News

KQ’s Nigeria workers issue strike notice

kq

A Kenya Airways plane at JKIA in Nairobi. FILE PHOTO | NMG

National carrier Kenya Airways #ticker:KQ is facing more labour problems as staff in Nigeria issued a strike notice beginning Wednesday.

The Nigerian workers are demanding salary increase and benefits that were provided in a collective bargaining agreement signed two years ago.

The National Union of Air Transport Employees (NUATE), in a letter seen by Business Daily, says that workers in Kenya Airways’ Nigerian operations have waited in vain for the airline to implement the changes.

“It is a situation that the workers cannot bear. The management of KQ has not shown any respect to these Nigerian workers,” said NUATE general secretary, Olayinka Olu Abioye, in a telephone interview. The union, which claims to represent about 100 workers, said the industrial action will ground all KQ operations in Nigeria.

Mr Abioye said the Collective Bargaining Agreement (CBA) signed with Kenya Airways guaranteed the workers up to three per cent salary increment, paid annual leave, maternity leave of 16 weeks and group life assurance.

Kenya Airways, he claimed, has reneged on these promises citing financial troubles in its home market.

The airline had not responded to our queries at the time of going to press while NUATE said it had commenced talks with management that would possibly put off the industrial action.

READ: Engineers dig in as KQ moves to replace them

Nigeria does not have its own national carrier and relies heavily on KQ’s services.  The carrier flies to Lagos daily, providing onward connectivity for Nigerian businesspeople headed to Asia and Europe.

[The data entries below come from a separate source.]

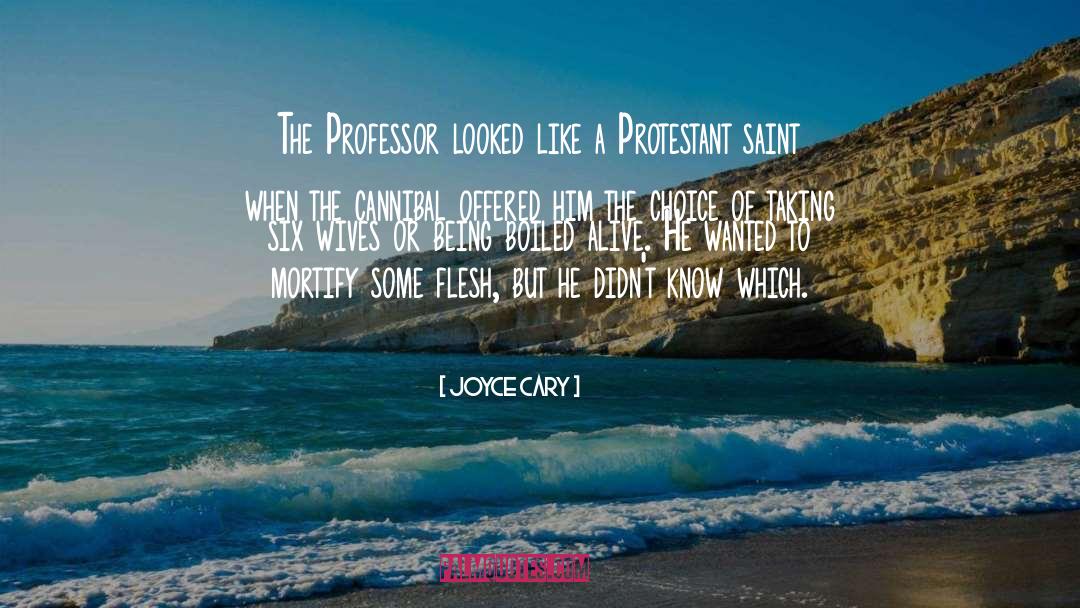 Joyce Cary Quotes: The Professor looked like a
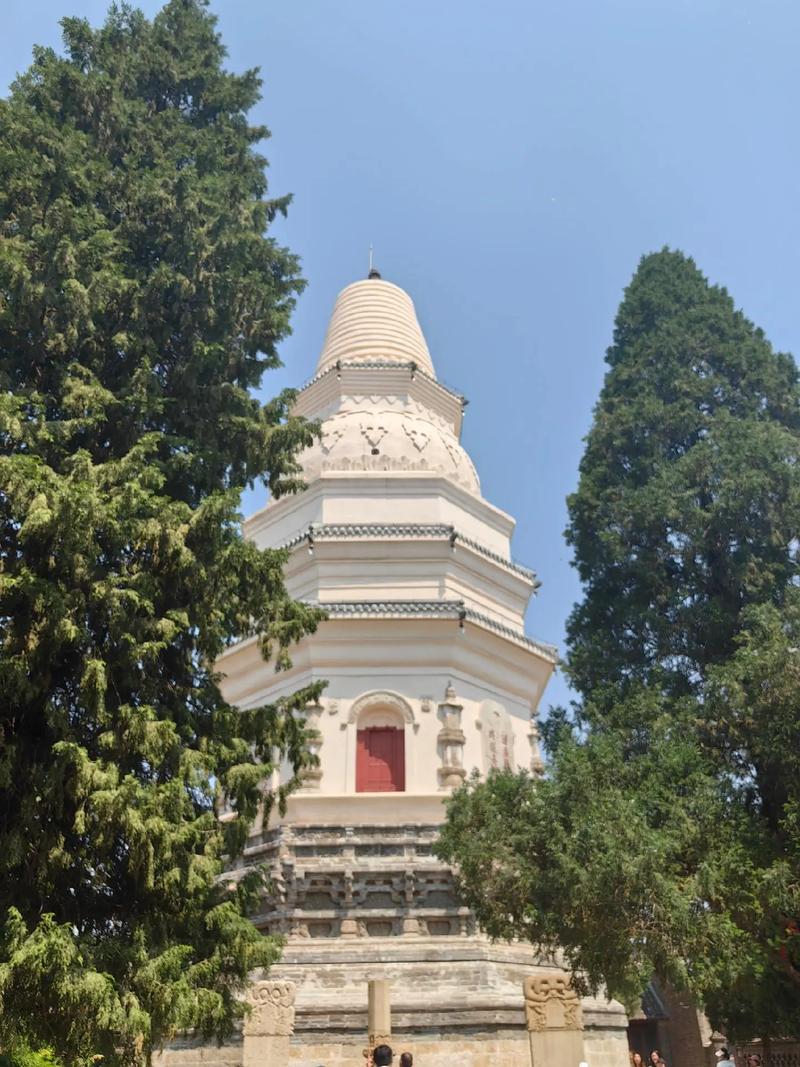 生辰八字算童子如何查自己是否童子命 生辰八字算童子如何查自己是否童子命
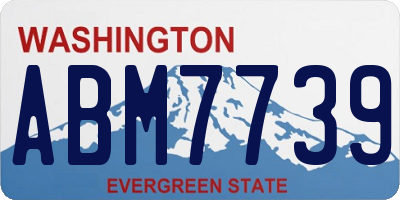 WA license plate ABM7739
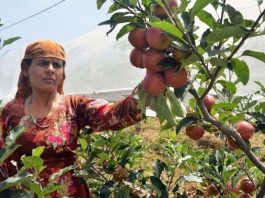व्याख्या: हिमाचल की सेब अर्थव्यवस्था संकट के चौराहे पर क्यों? जलवायु संकट, आयात और नीतिगत खामियों ने बागवानों को डाला संकट में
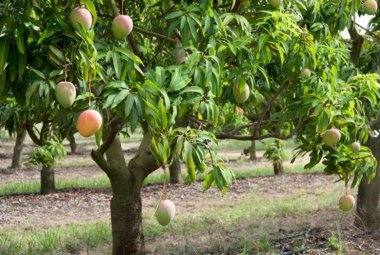 Clima esotico, in Salento 8000 piante di mango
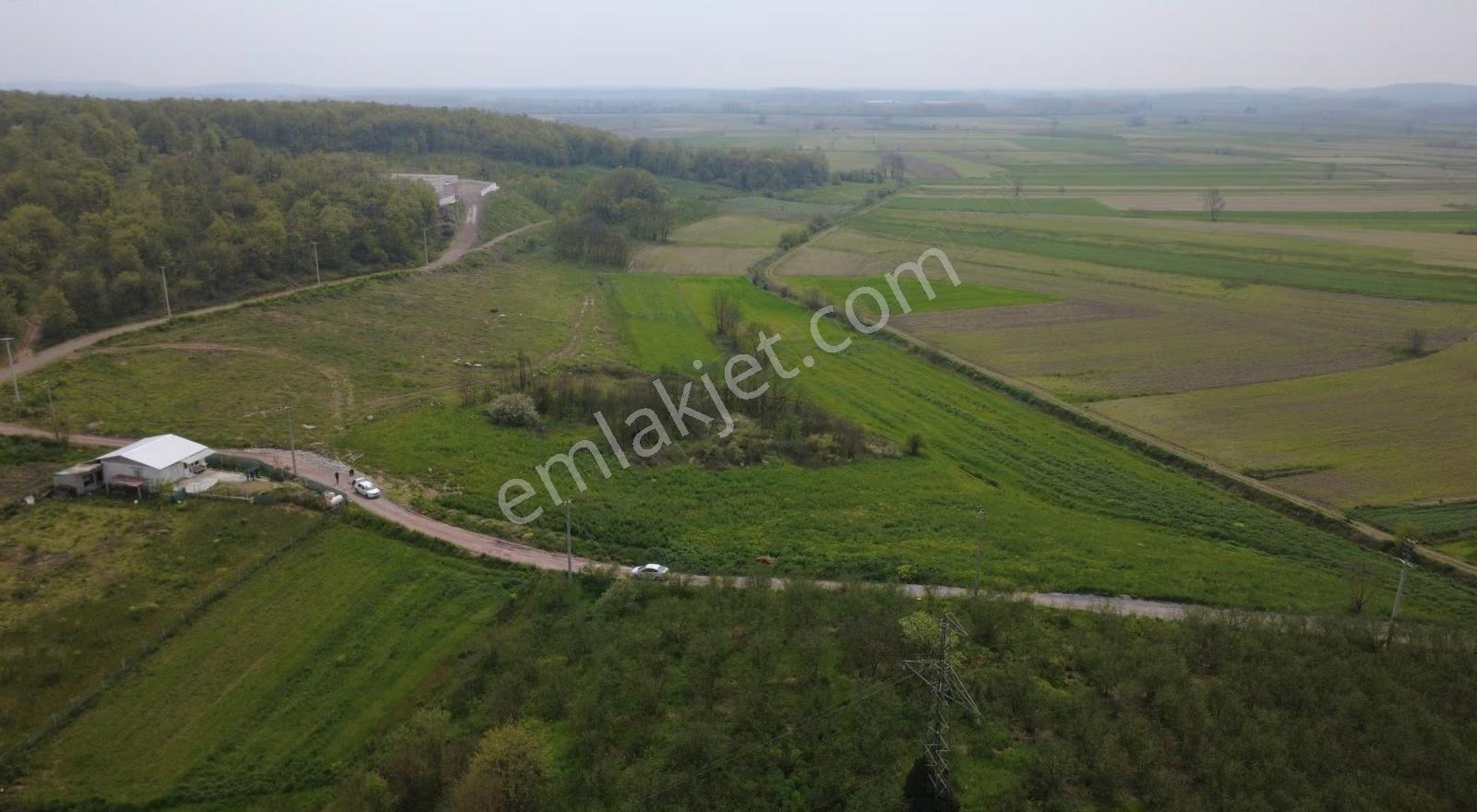 Yüksek Kazanç Potansiyelli Tavuk Çiftliğine Uygun 12.640 M²arazi - Görsel 3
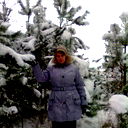 Елена Гимбут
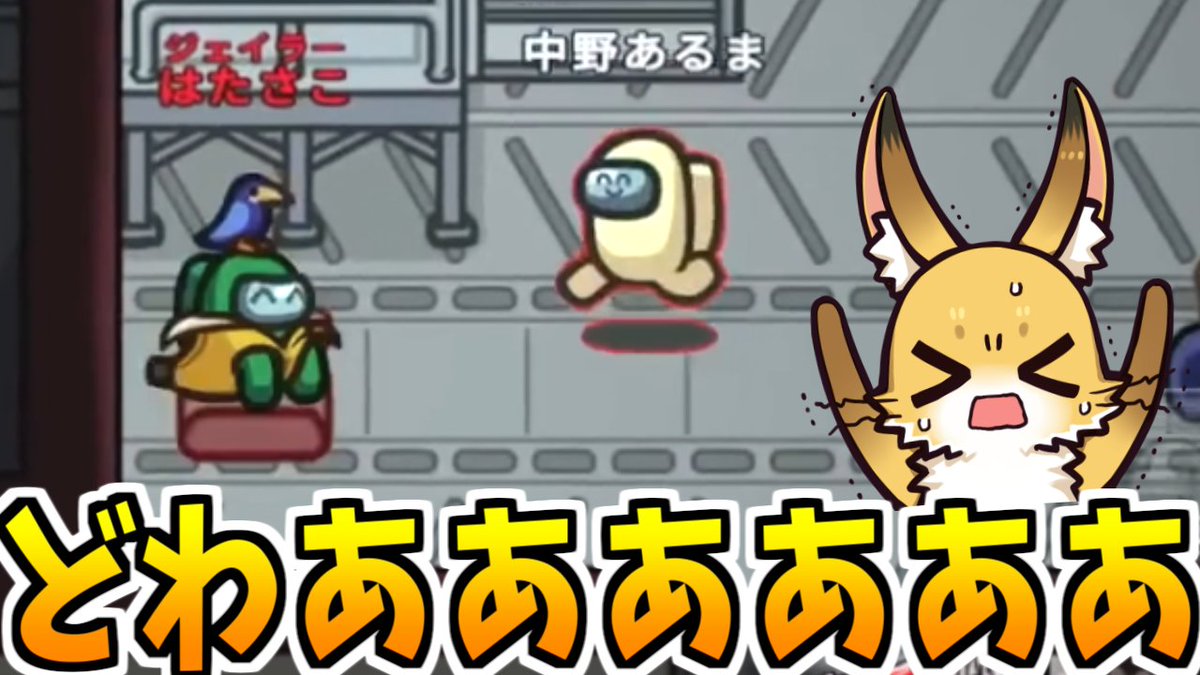 はたさこ🚩🦊 tweet media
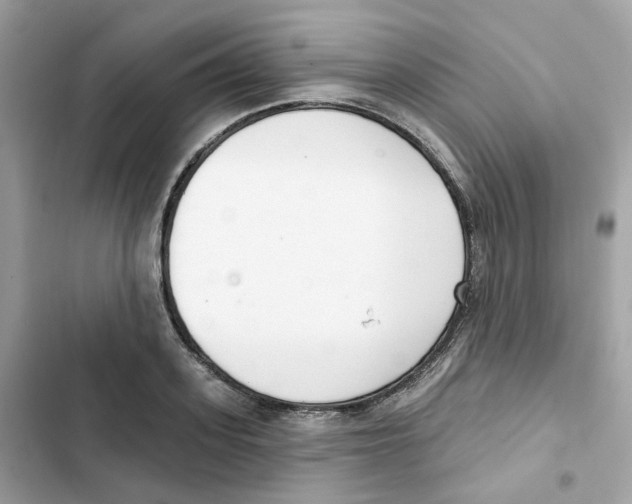 X0000102000939200808151444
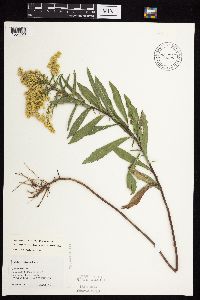 Solidago missouriensis image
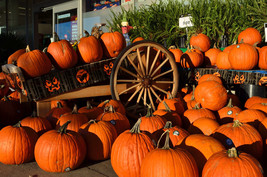 50 Spookie Pumpkin Aka Deep Sugar Pie Pumpkin Cucurbita Pepo Vegetable Seeds - £14.53 GBP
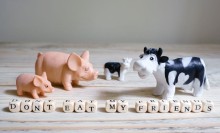 Photo: Toy Animals with the words "Don't Eat Animals" spelled out on blocks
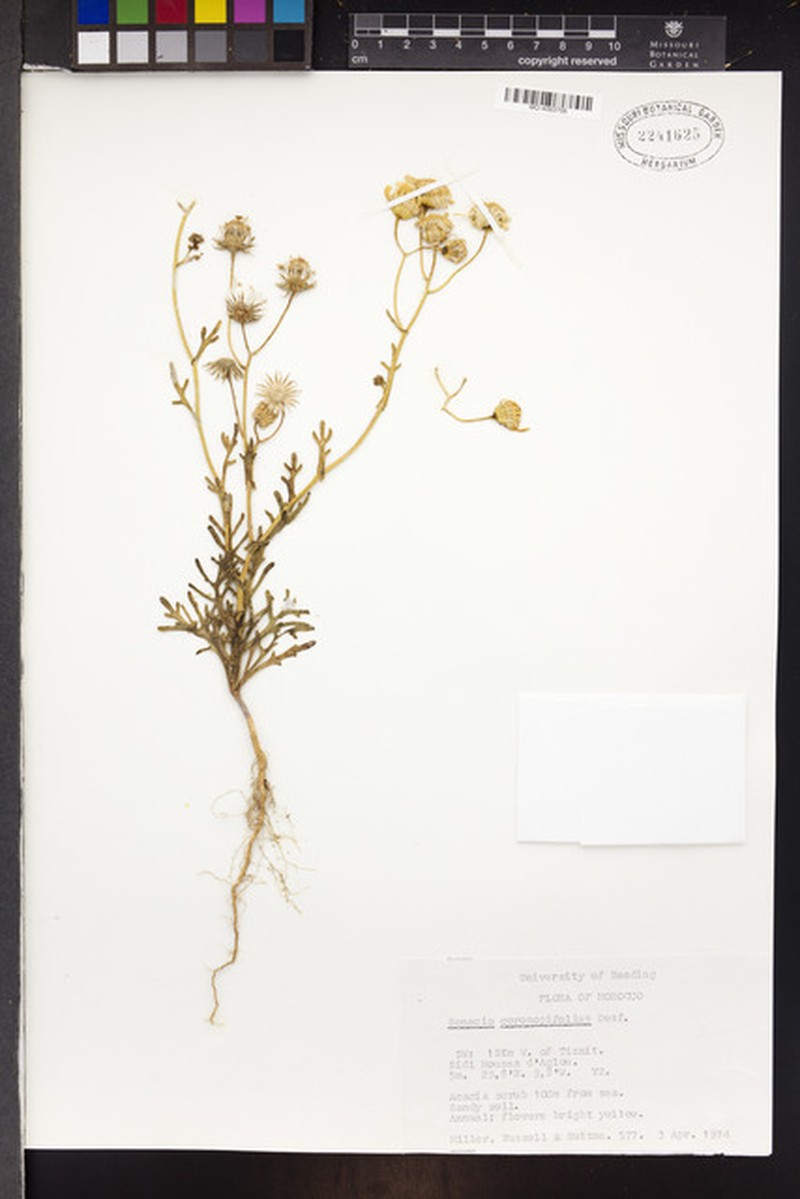 Senecio coronopifolius photo 6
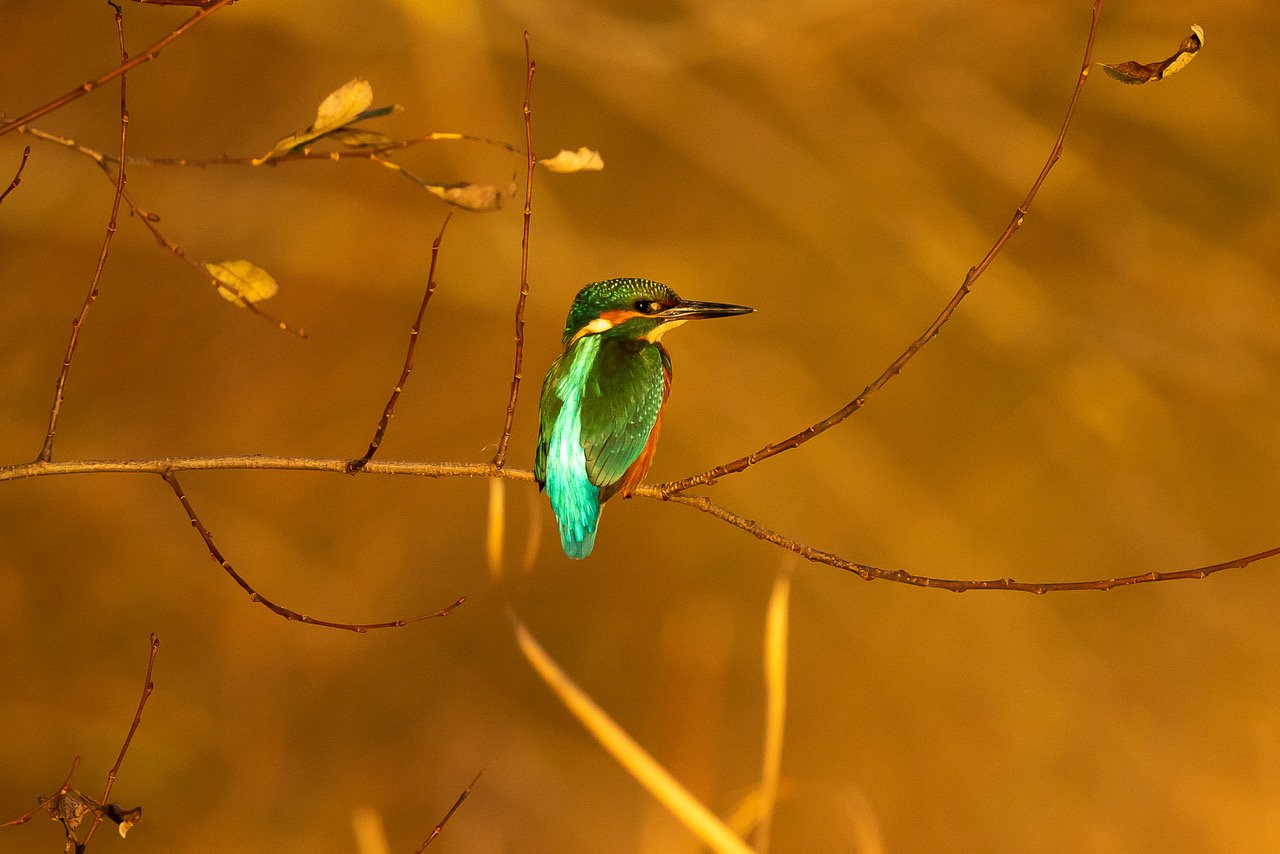 Chris Prince: Kingfisher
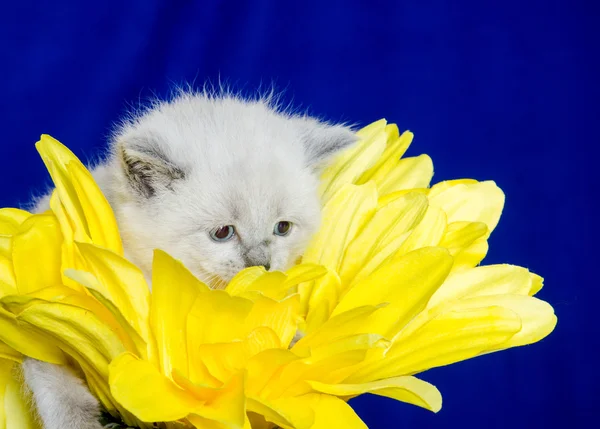 Roztomilý kotě a květ slunečnice — Stock fotografie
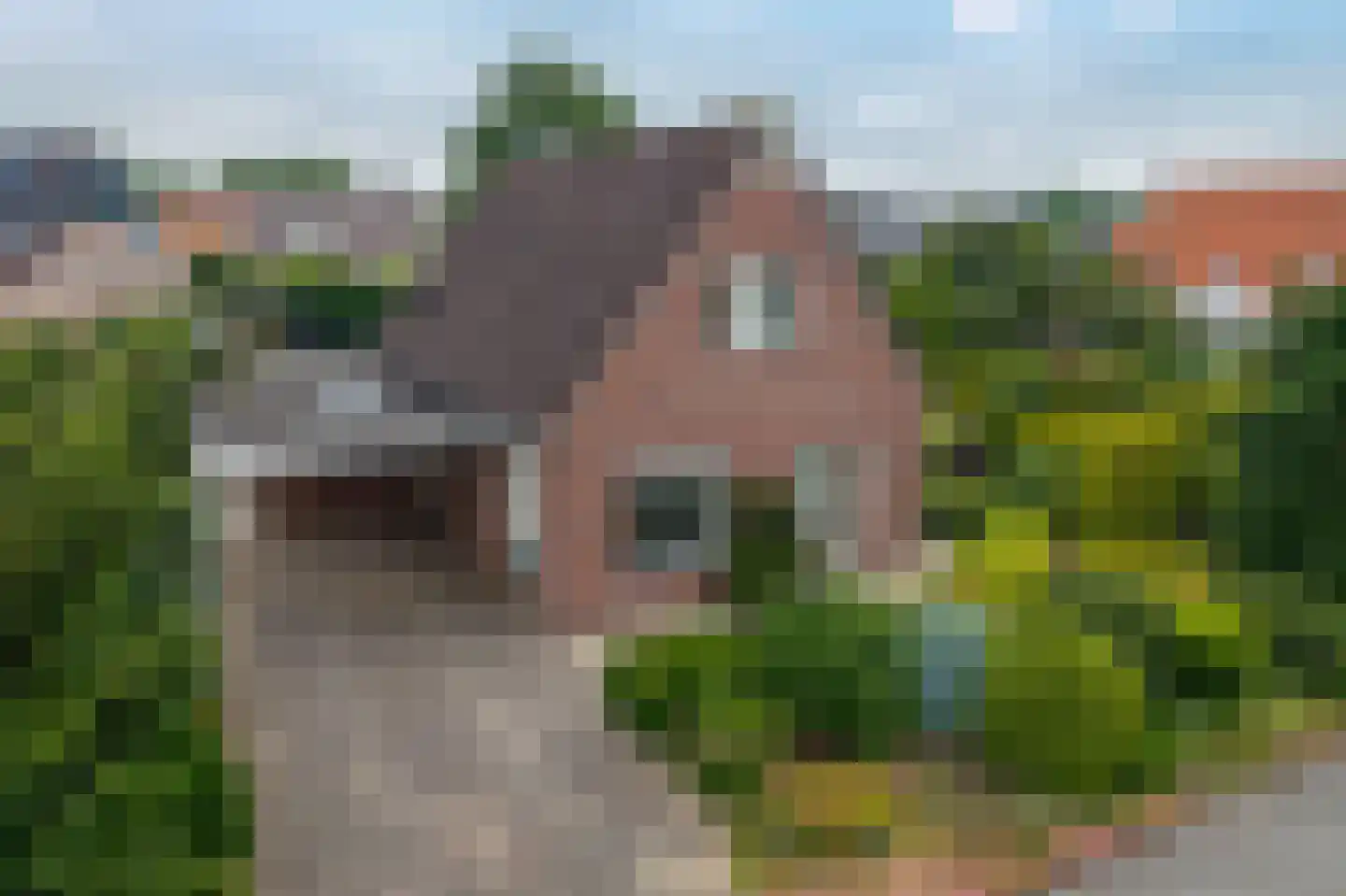 Nieuwe Onnastraat 85 Steenwijk thumbnail 46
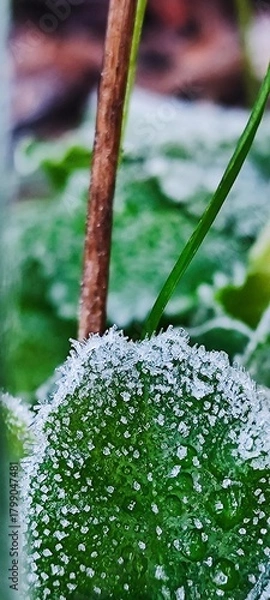 Fototapeta Close-up of a green leaf covered in frost. The leaf has a smooth texture with tiny ice crystals glistening in the light. Background features blurred greenery.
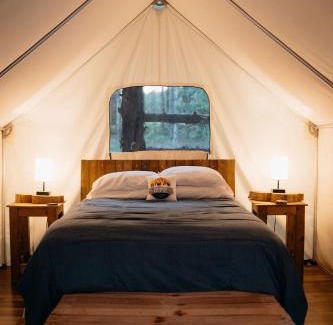 Branson Other | Treehouse Cozy Glamping Site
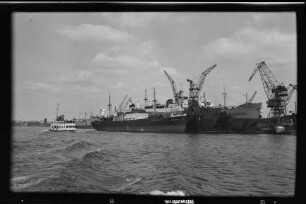 Ursula Peters (1933), Peters, Hamburg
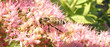 bee on a flower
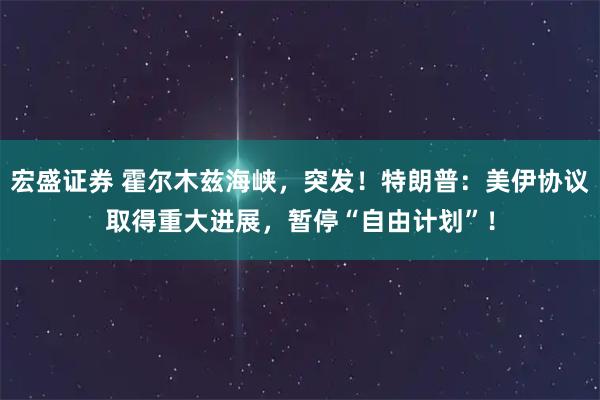 宏盛证券 霍尔木兹海峡，突发！特朗普：美伊协议取得重大进展，暂停“自由计划”！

The country is also a key plank of Kenya Airways’ strategy to increase its connections in Africa.

The threat of strike comes a week after KQ sacked striking engineers demanding a raise of up to three-and-a-half times to match their peers who work for Middle Eastern airlines.

But a court decision Tuesday scuttled planned recruitment to replace them, ordering the airline to freeze all new hirings.